题目描述
- 给定一个数字,我们按照如下规则把它翻译为字符串:0翻译成"a",1翻译成"b",……,11翻译成"l",……,25翻译成"z"。一个数字可能有多个翻译。例如12258有5种不同的翻译,它们分别是"bccfi"、"bwfi"、"bczi"、"mcfi"和"mzi"。请编程实现一个函数用来计算一个数字有多少种不同的翻译方法。
算法分析
- 自下而上,动态规划,从最小的问题开始 :
递推公式为 f(r-2) = f(r-1)+g(r-2,r-1)*f(r);
其中,如果r-2,r-1能够翻译成字符,则g(r-2,r-1)=1,否则为0。
因此,对于12258:
f(5) = 0
f(4) = 1
f(3) = f(4)+0 = 1
f(2) = f(3)+f(4) = 2
f(1) = f(2)+f(3) = 3
f(0) = f(1)+f(2) = 5
提交代码:
class Solution {
public:
int GetTranslationCount(int number) {
if (number < 0)
return 0;
string num = to_string(number);
return GetTranslationCountCore(num);
}
int GetTranslationCountCore(const string &number) {
int count = 0;
vector<int> counts(number.size(), 0);
int length = counts.size();
/* 从后向前计算 */
for (int i = length - 1; i >= 0; --i)
{
/* 当前字符单字符翻译 */
if (i < length - 1)
count = counts[i + 1];
else
count = 1;
if (i < length - 1)
{
int digit1 = number[i] - '0';
int digit2 = number[i + 1] - '0';
int value = 10 * digit1 + digit2;
if (value >= 10 && value <= 25)
{
if (i < length - 2)
/* 当前字符与下一字符翻译 */
count += counts[i + 2];
else
++count;
}
}
counts[i] = count;
}
return counts[0];
}
};
测试代码:
// ====================测试代码====================
void Test(const string& testName, int number, int expected)
{
Solution s;
if (s.GetTranslationCount(number) == expected)

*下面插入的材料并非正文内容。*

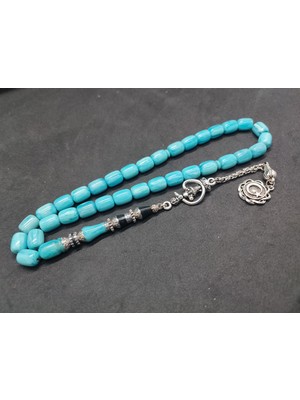 İskeçe Tesbih 475 Ayar Gümüş Püskül 475 Ayar Gümüş Nakkaş Finlandiya Lapland Katalin Sertifikalı 9498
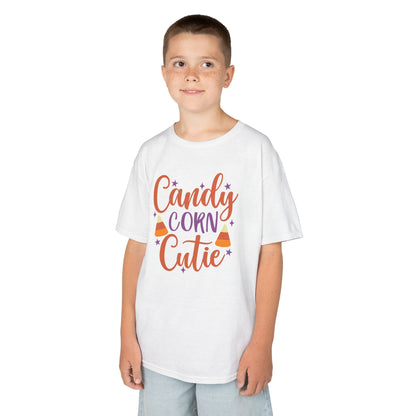Candy Corn Cutie Halloween Kids T-Shirt gift_idea unique_gift personalised_gift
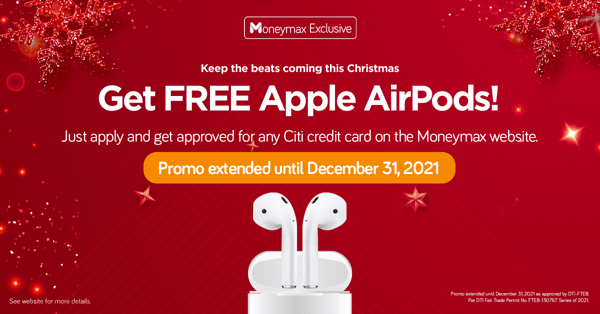 credit card christmas promotion - Moneymax Citibank AirPods promo credit card christmas promotion - Moneymax Citibank AirPods promo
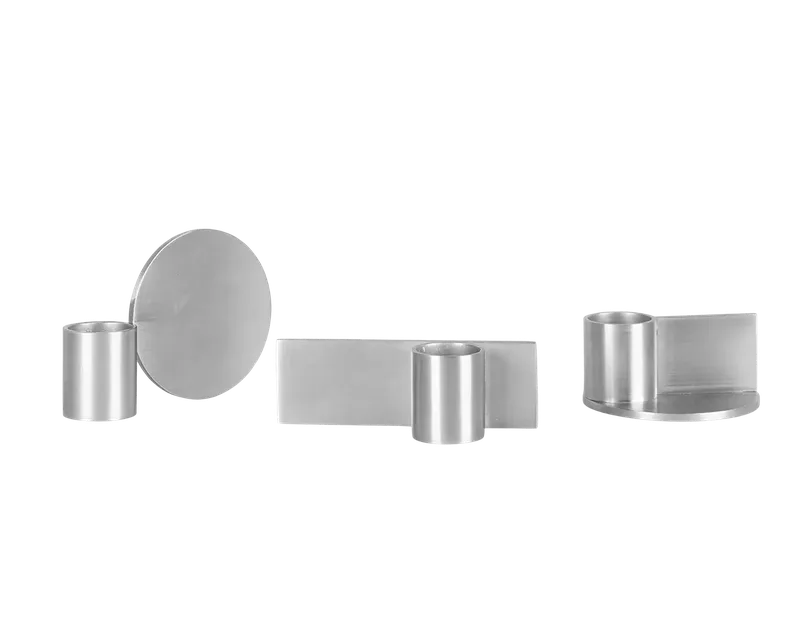 Fundament Candle Holder Set of Three | Stainless Steel van FRAMA – productfoto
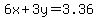 6x+%2B+3y+=+3.36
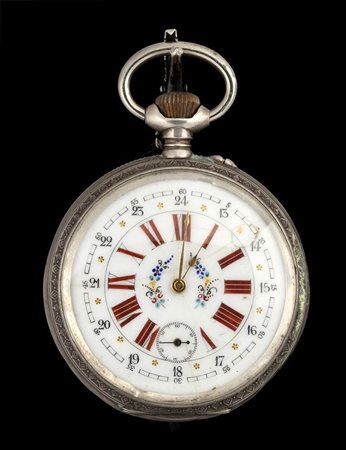 Orologio da tasca in argento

cout << testName << " passed." << endl;
else
cout << testName << " FAILED." << endl;
}
void Test1()
{
int number = 0;
int expected = 1;
Test("Test1", number, expected);
}
void Test2()
{
int number = 10;
int expected = 2;
Test("Test2", number, expected);
}
void Test3()
{
int number = 125;
int expected = 3;
Test("Test3", number, expected);
}
void Test4()
{
int number = 126;
int expected = 2;
Test("Test4", number, expected);
}
void Test5()
{
int number = 426;
int expected = 1;
Test("Test5", number, expected);
}
void Test6()
{
int number = 100;
int expected = 2;
Test("Test6", number, expected);
}
void Test7()
{
int number = 101;
int expected = 2;
Test("Test7", number, expected);
}
void Test8()
{
int number = 12258;
int expected = 5;
Test("Test8", number, expected);
}
void Test9()
{
int number = -100;
int expected = 0;
Test("Test9", number, expected);
}
int main(int argc, char* argv[])
{
Test1();
Test2();
Test3();
Test4();
Test5();
Test6();
Test7();
Test8();
Test9();
return 0;
}